In the past year the police themselves have been targeted because of anger over unequal treatment by police of minorities. However, it is right and proper to condemn the attackers and support the people in blue who serve us. To mourn their killings and support their families in their loss.
But….sometimes, it becomes clear that law enforcement is serving private interests, not the law. We saw it during the Civil Rights movement in the 1960s and now, we are seeing it again against the Indigenous People who are protecting the Missouri River. Because the pipeline is being constructed by a corporation with profit forever as the primary motive, those people care more about their pockets than their future ability to obtain clean water, we are seeing the subversion of police to serve private needs over the public good.
Many of you know about the stand-off at the Dakota Access Pipeline. Many of you do not because it generally is not covered by the major media. Here is a New York Times article from the end of August which will present the issues at that time.
The protesters initially were from the Standing Rock Sioux Reservation, located just south of the planned Missouri River crossing. They are protesting not only the destruction of some ancient heritage sites, but the very real possibility of an oil leak polluting the water so many people depend on for drinking. Now, called Protectors, the people there include not only Indigenous People from all around the country but many allies of all races, cultures and religions that arrived even with cold weather to stand with them against the wrongness of police standing to protect private interests.
So now we have nonviolent protesters who have set up their camp in the way of the proposed pipeline. We have nonviolent protesters who stand at make-shift barricades blocking the pathway.
Facing them we have police from law enforcement agencies that are not only local but from across the country, suited up in riot gear. They have used water cannons (similar to what was used to knock down peaceful protesters in the 1960s) in sub-freezing temperatures, causing many people to require hospitalization because of hypothermia.

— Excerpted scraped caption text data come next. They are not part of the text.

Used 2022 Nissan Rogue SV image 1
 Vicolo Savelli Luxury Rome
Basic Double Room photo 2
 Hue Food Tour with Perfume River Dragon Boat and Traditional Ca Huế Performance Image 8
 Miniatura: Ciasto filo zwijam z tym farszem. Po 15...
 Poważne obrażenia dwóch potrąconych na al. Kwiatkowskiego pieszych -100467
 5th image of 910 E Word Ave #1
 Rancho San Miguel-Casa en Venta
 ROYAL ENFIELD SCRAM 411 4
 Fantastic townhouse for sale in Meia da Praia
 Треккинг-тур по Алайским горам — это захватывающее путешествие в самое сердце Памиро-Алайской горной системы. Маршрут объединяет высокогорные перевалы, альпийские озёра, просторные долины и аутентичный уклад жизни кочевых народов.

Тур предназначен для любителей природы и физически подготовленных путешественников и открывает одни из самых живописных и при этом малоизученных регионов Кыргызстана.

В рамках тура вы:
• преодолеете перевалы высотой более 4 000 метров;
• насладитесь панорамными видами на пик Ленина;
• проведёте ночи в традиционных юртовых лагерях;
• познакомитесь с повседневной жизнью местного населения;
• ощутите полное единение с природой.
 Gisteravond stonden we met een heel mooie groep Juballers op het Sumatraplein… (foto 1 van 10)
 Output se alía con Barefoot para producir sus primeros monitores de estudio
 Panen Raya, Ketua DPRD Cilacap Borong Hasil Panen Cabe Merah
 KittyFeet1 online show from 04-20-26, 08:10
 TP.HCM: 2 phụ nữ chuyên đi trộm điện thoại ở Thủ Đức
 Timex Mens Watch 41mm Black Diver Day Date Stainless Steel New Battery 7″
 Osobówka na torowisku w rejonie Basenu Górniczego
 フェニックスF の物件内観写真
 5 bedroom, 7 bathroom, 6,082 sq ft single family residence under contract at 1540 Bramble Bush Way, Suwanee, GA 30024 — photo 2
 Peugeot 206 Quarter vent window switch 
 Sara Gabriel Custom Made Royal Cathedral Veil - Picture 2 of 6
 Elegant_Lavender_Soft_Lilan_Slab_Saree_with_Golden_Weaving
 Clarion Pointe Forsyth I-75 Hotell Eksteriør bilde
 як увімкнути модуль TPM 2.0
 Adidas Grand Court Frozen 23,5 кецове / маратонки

The way this protest is being handled is in stark contrast to that of the Bundy group who invaded and took over a federally owned wildlife refuge. Not only did law enforcement officials give them a lot of room to move on and off the property, but it ended shortly after the police shot and killed one of the protesters. The trial exonerated all the protesters, leaving us Oregonians scratching our heads, wondering why we tax payers need to cover all the damage they caused to the site itself.
The law enforcement presence in North Dakota is not being as strongly aggressive as they could be, thank goodness. If the bullets become standard and people start dying I believe this protest will not end. It will become even larger.
Now we hear that the Corps of Engineers will require the camp to be moved to a location south of the river to “protect” civilians from being hurt. Is that a veiled threat to say “you stay, you will pay”. They were told they must vacate by December 5th.